If the storm moves just 25 miles in one direction or the other when it gets to the Northeast, that could be the difference between four and eight inches of snow, Parkinson said.
There is a blizzard concern along the coast – in Cape Ann, Mass., and along the state's southern coast. Winds are expected to be 40-70 mph.
"We're not going to have ridiculous snow totals that we've never seen before … But what we are gonna have is a lot of wind, a lot of low visibility and what I suspect will be a lot of traffic accidents," Parkinson said.
Forecasters warned of frost bite and hypothermia in Chicago, where wind chills of minus 35 degrees were predicted. According to CBS Chicago, many homeowners are already facing the consequences of frozen or broken pipes due to bone-chilling temperatures.
What makes the polar vortex move?
This is an area of hot debate and research among scientists and probably is a mix of human-caused climate change and natural variability, said Furtado.
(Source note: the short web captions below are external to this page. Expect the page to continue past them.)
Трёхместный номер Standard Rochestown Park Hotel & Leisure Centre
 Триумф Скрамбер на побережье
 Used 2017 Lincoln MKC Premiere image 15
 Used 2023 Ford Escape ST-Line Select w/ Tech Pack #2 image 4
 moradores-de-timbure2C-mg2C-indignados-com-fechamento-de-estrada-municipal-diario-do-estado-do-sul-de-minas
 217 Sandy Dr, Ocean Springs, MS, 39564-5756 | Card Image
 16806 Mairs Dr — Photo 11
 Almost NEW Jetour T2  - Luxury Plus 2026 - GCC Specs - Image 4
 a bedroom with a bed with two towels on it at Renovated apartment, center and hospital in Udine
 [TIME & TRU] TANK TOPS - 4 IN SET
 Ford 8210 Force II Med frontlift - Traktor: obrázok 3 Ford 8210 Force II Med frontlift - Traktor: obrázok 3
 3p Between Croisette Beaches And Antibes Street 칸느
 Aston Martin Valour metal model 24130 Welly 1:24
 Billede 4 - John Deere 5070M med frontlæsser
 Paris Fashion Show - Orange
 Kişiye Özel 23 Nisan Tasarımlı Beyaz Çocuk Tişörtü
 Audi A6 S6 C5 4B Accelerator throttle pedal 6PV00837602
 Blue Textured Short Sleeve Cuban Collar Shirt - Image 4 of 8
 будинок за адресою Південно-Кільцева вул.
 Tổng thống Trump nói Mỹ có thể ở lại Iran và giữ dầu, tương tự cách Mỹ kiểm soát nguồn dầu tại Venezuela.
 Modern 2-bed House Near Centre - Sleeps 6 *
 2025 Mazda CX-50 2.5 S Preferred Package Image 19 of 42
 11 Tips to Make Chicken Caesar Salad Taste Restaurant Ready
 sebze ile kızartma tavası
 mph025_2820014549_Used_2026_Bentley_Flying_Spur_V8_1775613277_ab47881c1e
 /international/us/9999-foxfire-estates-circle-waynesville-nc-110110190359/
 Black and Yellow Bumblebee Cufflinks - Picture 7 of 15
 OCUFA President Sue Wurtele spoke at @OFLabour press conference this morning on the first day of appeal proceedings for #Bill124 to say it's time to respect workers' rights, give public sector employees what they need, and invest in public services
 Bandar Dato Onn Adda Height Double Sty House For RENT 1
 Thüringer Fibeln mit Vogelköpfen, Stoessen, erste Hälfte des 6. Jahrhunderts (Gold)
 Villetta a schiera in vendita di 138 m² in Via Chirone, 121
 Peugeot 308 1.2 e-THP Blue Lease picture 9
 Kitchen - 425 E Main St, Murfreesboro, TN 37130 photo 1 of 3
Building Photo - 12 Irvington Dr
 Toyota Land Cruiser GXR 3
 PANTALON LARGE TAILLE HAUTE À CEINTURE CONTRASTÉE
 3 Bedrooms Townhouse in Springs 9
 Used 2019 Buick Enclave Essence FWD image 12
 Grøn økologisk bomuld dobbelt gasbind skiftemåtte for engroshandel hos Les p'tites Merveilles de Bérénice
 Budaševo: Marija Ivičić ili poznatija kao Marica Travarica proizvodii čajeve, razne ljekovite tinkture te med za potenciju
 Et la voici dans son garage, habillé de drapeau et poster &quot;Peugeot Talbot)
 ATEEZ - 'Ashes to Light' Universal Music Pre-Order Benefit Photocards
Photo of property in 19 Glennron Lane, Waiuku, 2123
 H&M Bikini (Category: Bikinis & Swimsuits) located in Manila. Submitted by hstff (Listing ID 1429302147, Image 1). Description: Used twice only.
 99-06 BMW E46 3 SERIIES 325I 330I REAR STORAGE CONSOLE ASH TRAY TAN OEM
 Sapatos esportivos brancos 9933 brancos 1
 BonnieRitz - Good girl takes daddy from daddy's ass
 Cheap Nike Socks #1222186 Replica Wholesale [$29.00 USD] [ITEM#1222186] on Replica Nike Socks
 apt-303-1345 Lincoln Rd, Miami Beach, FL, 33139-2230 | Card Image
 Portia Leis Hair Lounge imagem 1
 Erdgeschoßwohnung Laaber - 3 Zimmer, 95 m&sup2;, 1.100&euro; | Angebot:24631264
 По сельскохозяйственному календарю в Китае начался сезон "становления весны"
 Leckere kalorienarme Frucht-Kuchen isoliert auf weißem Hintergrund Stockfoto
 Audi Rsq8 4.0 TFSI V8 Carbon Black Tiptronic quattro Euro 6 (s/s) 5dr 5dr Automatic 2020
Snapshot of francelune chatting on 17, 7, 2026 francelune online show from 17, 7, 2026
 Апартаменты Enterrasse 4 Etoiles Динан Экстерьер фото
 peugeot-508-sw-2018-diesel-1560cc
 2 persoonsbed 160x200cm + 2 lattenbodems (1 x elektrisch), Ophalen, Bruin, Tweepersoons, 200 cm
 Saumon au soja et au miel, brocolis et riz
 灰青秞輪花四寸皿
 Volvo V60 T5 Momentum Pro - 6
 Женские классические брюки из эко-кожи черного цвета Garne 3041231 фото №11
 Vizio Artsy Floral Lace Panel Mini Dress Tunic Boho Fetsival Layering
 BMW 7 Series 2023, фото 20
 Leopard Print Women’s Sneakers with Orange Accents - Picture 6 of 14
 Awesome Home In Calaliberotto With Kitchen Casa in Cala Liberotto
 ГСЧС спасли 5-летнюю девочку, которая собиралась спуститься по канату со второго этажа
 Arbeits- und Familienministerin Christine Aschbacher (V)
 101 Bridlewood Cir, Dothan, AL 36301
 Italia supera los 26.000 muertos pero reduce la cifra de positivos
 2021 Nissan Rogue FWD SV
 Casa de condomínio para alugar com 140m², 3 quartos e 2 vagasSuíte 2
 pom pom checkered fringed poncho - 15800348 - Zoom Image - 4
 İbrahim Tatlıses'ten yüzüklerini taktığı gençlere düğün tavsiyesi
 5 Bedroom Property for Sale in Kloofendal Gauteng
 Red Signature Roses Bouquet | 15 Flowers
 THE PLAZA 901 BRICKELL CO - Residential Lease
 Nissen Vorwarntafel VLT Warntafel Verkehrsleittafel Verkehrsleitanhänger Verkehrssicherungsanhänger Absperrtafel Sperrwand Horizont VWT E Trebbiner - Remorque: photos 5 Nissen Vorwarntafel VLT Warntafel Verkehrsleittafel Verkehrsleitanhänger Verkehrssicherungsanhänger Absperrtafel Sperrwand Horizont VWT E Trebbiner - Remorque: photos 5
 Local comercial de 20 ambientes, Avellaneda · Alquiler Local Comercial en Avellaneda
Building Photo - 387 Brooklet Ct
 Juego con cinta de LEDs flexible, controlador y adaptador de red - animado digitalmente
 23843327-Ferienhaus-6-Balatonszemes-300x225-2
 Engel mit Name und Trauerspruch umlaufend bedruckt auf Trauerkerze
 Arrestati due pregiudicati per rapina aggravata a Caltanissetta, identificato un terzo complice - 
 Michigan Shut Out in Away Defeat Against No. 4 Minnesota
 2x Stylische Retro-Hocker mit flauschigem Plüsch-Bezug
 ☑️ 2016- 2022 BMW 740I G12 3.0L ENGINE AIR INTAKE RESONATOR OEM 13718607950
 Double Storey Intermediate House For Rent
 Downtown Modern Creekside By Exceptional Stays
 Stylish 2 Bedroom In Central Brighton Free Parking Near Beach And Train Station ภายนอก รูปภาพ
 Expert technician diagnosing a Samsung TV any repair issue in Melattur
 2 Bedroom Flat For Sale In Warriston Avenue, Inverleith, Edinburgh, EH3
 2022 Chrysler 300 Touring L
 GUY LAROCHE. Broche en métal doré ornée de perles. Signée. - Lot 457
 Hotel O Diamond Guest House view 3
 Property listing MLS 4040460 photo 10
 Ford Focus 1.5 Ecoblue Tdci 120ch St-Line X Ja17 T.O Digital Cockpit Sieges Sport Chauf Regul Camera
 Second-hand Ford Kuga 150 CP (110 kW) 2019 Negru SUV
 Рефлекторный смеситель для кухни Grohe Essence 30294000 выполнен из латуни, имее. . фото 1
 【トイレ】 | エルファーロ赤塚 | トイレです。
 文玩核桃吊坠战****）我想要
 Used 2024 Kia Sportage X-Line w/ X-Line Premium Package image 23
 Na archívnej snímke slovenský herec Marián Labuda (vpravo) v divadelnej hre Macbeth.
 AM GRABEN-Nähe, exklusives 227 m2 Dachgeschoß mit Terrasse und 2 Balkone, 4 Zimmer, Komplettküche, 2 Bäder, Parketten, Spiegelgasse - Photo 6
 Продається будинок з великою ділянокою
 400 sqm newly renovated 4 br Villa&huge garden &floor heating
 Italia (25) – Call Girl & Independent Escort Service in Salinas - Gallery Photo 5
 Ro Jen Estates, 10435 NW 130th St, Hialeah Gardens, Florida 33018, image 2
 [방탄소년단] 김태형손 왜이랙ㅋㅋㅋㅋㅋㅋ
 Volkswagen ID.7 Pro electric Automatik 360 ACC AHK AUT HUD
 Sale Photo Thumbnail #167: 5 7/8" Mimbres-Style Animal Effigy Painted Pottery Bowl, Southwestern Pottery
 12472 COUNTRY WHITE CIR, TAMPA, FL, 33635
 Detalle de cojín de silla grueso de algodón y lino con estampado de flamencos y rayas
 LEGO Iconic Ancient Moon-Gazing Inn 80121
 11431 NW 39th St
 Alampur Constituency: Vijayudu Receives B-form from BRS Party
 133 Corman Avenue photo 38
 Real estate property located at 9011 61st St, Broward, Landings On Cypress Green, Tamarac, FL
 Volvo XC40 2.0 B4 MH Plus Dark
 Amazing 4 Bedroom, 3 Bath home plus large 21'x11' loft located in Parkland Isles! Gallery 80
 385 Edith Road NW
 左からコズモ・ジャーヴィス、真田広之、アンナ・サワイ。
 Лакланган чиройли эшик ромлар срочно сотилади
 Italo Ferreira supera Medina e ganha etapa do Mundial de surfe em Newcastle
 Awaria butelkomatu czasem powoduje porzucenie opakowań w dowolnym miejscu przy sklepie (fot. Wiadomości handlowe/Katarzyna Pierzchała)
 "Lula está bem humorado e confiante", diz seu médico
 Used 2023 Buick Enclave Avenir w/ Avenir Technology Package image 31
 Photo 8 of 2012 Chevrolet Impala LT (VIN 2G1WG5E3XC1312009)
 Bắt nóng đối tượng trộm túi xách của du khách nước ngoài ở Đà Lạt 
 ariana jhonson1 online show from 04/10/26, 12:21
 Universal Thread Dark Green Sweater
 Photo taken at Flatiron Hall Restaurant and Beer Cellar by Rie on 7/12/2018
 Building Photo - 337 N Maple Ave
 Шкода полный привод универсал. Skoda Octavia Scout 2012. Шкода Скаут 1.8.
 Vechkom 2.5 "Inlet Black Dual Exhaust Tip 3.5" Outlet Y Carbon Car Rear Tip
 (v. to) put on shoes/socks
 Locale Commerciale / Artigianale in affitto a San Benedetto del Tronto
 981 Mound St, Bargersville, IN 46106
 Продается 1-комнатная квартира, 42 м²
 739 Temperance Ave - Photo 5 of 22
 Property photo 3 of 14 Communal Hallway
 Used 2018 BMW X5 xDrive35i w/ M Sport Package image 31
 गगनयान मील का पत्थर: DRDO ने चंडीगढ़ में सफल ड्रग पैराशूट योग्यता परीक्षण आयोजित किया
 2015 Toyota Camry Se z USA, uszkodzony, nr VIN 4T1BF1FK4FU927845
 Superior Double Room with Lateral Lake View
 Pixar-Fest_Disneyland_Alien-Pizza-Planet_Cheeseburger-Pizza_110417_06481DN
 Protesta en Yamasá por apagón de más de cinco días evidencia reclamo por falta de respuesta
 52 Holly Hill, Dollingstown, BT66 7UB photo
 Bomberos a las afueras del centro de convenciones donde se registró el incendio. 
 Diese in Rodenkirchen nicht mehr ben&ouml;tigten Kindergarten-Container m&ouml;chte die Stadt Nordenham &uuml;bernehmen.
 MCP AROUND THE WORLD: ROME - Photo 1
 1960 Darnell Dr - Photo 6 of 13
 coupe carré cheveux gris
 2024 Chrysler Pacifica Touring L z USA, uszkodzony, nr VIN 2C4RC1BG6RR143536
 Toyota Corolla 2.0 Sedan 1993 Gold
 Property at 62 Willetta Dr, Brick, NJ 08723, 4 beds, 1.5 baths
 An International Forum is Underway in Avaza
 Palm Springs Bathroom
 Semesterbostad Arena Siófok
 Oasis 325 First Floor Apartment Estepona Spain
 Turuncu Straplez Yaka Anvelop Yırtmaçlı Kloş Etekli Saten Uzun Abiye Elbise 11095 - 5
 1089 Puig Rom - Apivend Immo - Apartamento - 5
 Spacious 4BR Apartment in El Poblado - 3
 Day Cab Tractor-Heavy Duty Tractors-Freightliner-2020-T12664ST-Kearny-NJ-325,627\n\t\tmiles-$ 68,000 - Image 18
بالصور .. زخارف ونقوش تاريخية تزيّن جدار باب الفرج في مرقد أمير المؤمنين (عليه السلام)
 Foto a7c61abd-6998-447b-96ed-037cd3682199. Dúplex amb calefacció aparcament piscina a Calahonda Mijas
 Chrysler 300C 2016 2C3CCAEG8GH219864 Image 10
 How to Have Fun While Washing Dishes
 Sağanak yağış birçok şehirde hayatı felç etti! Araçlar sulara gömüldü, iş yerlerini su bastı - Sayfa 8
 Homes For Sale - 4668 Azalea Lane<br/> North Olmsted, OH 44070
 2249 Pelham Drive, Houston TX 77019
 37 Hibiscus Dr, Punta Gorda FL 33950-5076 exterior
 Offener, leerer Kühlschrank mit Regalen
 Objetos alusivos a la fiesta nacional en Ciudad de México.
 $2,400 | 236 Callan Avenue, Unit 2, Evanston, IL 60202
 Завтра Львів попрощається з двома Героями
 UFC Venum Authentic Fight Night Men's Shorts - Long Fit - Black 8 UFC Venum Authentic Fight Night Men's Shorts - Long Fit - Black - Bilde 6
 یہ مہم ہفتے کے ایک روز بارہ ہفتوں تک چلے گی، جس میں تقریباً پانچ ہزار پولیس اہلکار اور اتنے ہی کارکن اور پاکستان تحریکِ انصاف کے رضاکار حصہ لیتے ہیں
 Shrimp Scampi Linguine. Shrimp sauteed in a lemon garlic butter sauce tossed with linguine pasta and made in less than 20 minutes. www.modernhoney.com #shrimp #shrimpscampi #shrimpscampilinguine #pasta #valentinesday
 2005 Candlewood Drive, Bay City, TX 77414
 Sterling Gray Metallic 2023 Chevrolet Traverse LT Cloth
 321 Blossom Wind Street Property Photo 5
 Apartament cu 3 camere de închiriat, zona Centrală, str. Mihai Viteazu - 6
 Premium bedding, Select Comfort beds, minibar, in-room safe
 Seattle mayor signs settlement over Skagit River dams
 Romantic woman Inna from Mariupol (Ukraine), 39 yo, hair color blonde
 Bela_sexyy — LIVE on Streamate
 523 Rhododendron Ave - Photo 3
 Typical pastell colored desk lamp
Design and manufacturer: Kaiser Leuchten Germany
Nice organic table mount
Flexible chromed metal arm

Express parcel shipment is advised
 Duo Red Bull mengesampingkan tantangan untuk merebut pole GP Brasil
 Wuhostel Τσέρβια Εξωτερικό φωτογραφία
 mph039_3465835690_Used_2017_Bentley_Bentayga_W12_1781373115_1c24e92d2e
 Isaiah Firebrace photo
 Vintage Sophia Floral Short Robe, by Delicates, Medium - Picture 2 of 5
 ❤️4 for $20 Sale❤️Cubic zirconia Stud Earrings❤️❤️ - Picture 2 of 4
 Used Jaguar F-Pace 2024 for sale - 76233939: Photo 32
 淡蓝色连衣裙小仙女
Climate change hasn't made the polar vortex more extreme, but it probably is making it move more, which makes the weather seem more extreme, he said.
A recent study by Potsdam Institute climate scientist Marlene Kretschmer found the polar vortex has weakened and meandered more often since 1990, but that study focused more on Europe. Ongoing research shows that there seems to be a similar connection for more frequent Arctic cold snaps like what the U.S. is now experiencing, Kretschmer said.
How can it be so cold with global warming?
Don't confuse weather -- which is a few days or weeks in one region -- with climate, which is over years and decades and global. Weather is like a person's mood, which changes frequently, while climate is like someone's personality, which is more long-term, Furtado said.
"A few cold days doesn't disprove climate change," Furtado said. "That's just silly. Just like a couple down days on the stock market doesn't mean the economy is going into the trash."